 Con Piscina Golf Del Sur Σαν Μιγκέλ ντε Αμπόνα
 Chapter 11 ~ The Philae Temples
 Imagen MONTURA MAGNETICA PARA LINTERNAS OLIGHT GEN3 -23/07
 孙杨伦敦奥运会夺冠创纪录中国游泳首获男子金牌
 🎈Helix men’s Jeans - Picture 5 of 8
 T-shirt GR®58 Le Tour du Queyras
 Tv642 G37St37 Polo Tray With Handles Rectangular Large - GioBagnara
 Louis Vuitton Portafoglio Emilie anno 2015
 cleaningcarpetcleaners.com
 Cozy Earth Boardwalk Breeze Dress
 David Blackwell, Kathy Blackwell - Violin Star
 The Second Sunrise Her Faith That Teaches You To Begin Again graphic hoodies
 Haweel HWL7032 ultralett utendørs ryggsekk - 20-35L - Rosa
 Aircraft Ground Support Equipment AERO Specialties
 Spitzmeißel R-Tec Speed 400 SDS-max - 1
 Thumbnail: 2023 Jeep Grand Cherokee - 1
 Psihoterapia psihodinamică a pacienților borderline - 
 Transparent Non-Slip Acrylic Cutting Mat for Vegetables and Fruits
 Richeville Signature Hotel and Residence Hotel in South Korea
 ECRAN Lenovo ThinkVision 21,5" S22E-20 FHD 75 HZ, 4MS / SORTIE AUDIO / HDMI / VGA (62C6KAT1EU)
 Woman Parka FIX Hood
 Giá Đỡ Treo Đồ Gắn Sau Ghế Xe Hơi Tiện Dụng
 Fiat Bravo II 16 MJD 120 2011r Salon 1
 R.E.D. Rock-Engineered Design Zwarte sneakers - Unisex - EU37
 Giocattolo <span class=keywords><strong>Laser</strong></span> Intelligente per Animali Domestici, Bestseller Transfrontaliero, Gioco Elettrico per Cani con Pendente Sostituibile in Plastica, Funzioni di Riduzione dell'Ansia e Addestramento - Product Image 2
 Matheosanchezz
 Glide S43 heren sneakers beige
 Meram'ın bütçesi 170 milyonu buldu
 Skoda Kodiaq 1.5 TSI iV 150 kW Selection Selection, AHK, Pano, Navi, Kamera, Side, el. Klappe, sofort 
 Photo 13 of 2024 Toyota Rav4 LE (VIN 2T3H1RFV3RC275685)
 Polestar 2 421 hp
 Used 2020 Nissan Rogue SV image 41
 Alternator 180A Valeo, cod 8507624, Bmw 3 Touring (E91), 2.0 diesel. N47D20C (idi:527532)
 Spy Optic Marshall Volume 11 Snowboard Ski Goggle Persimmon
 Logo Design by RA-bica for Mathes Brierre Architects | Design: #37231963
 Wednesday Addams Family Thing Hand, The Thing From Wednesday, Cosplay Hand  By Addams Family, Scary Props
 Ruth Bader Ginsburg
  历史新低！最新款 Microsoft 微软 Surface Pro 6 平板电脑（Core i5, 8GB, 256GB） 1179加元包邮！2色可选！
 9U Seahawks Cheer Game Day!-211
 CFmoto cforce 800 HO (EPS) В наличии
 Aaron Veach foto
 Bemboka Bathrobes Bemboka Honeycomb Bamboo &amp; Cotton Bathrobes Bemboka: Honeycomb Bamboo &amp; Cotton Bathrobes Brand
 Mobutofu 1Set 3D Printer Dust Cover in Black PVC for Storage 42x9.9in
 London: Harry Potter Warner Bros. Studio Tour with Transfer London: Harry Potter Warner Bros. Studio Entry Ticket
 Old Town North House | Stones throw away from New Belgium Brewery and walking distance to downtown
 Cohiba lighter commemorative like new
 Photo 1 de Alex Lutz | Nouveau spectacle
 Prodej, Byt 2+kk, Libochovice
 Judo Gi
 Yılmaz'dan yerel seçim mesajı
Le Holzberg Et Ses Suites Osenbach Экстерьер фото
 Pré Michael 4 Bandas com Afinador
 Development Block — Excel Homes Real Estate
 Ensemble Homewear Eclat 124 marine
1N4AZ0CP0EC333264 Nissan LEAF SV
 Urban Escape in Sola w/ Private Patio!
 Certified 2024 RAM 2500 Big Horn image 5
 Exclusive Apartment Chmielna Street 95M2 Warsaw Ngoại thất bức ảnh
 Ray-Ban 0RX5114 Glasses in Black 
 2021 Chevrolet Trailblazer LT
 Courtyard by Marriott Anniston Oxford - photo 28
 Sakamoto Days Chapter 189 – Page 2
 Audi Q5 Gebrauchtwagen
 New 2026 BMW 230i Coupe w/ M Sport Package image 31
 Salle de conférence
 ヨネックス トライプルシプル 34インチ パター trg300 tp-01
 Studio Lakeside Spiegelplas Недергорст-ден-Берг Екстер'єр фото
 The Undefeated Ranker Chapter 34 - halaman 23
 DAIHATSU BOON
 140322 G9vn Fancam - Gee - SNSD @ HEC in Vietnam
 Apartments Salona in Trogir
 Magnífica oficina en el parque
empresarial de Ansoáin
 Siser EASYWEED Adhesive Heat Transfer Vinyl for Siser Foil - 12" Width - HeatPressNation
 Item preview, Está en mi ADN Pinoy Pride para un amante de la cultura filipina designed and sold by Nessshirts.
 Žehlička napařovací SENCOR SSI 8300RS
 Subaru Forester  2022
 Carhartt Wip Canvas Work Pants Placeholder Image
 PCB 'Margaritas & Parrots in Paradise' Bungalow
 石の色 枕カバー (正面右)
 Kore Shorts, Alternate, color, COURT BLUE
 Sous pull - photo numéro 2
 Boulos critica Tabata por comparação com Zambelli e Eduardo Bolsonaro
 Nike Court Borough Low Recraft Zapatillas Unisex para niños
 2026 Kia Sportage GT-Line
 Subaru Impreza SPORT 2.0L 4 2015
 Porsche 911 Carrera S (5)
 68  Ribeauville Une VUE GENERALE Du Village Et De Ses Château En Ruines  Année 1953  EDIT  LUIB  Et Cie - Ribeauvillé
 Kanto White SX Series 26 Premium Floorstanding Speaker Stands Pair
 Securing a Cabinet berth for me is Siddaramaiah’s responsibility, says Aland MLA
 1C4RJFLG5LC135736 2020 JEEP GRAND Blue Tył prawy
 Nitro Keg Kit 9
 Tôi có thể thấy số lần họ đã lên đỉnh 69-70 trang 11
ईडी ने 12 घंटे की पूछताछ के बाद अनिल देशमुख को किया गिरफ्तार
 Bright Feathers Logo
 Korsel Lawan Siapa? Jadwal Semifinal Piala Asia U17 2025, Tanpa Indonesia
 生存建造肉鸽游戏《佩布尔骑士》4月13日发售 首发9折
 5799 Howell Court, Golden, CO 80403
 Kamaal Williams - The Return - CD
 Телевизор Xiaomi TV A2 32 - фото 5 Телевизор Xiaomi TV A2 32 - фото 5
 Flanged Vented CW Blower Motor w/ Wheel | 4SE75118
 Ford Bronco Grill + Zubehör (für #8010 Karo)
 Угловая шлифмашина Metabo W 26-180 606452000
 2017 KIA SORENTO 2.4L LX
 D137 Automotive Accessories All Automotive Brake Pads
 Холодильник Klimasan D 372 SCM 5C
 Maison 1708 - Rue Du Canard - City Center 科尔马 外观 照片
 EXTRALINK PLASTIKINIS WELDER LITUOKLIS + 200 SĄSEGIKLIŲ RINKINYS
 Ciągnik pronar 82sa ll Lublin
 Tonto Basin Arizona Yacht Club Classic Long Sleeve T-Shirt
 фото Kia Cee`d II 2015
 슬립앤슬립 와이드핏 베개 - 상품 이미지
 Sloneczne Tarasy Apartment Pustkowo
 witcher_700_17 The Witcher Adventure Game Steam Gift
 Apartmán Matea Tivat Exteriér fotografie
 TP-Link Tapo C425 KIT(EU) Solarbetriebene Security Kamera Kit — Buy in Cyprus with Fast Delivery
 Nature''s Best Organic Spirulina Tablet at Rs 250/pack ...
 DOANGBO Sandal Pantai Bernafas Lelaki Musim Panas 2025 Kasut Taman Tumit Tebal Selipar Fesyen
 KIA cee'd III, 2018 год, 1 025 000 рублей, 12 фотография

» **WHAT YOU SHOULD DO**:
Quote, word for word, every line from the top of the entries through the line that holds "R.E.D. Rock-Engineered Design".

» **TASK RESULT**:
 Con Piscina Golf Del Sur Σαν Μιγκέλ ντε Αμπόνα
 Chapter 11 ~ The Philae Temples
 Imagen MONTURA MAGNETICA PARA LINTERNAS OLIGHT GEN3 -23/07
 孙杨伦敦奥运会夺冠创纪录中国游泳首获男子金牌
 🎈Helix men’s Jeans - Picture 5 of 8
 T-shirt GR®58 Le Tour du Queyras
 Tv642 G37St37 Polo Tray With Handles Rectangular Large - GioBagnara
 Louis Vuitton Portafoglio Emilie anno 2015
 cleaningcarpetcleaners.com
 Cozy Earth Boardwalk Breeze Dress
 David Blackwell, Kathy Blackwell - Violin Star
 The Second Sunrise Her Faith That Teaches You To Begin Again graphic hoodies
 Haweel HWL7032 ultralett utendørs ryggsekk - 20-35L - Rosa
 Aircraft Ground Support Equipment AERO Specialties
 Spitzmeißel R-Tec Speed 400 SDS-max - 1
 Thumbnail: 2023 Jeep Grand Cherokee - 1
 Psihoterapia psihodinamică a pacienților borderline - 
 Transparent Non-Slip Acrylic Cutting Mat for Vegetables and Fruits
 Richeville Signature Hotel and Residence Hotel in South Korea
 ECRAN Lenovo ThinkVision 21,5" S22E-20 FHD 75 HZ, 4MS / SORTIE AUDIO / HDMI / VGA (62C6KAT1EU)
 Woman Parka FIX Hood
 Giá Đỡ Treo Đồ Gắn Sau Ghế Xe Hơi Tiện Dụng
 Fiat Bravo II 16 MJD 120 2011r Salon 1
 R.E.D. Rock-Engineered Design Zwarte sneakers - Unisex - EU37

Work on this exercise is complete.